### Work to be completed
Starting with the line that contains "PUZZLE HAPE CORPS HUMAIN", copy each line exactly through the end of the listing, and omit all pictures.

### Input data

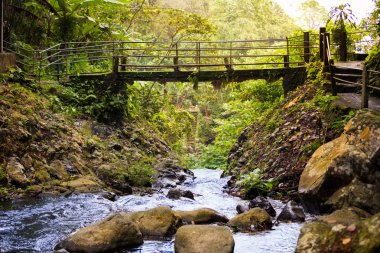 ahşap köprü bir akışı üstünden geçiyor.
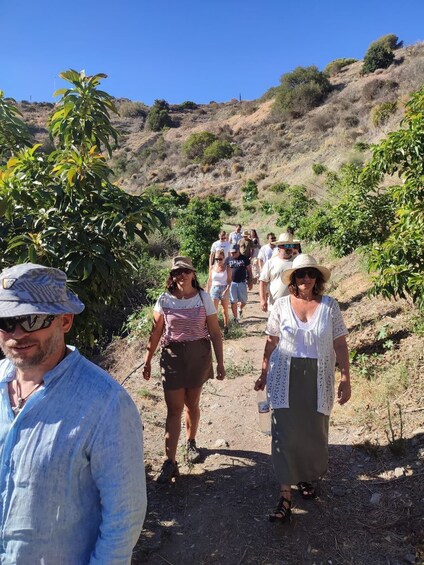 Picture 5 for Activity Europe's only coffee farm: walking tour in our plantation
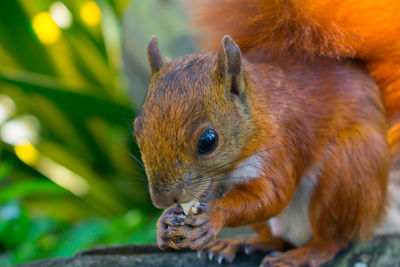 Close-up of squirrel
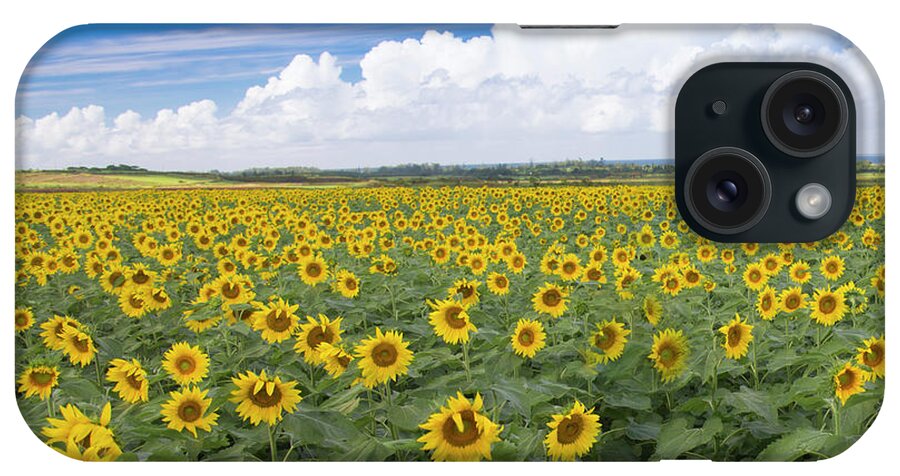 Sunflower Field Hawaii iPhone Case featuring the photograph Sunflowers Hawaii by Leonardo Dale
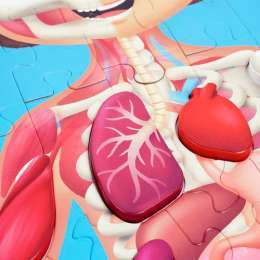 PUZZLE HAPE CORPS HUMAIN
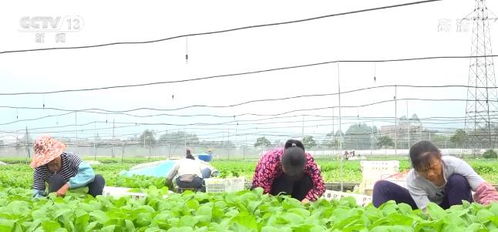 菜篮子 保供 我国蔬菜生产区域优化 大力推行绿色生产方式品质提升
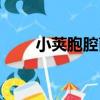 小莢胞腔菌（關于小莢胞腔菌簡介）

### Task response
 PUZZLE HAPE CORPS HUMAIN
 菜篮子 保供 我国蔬菜生产区域优化 大力推行绿色生产方式品质提升
 小莢胞腔菌（關于小莢胞腔菌簡介）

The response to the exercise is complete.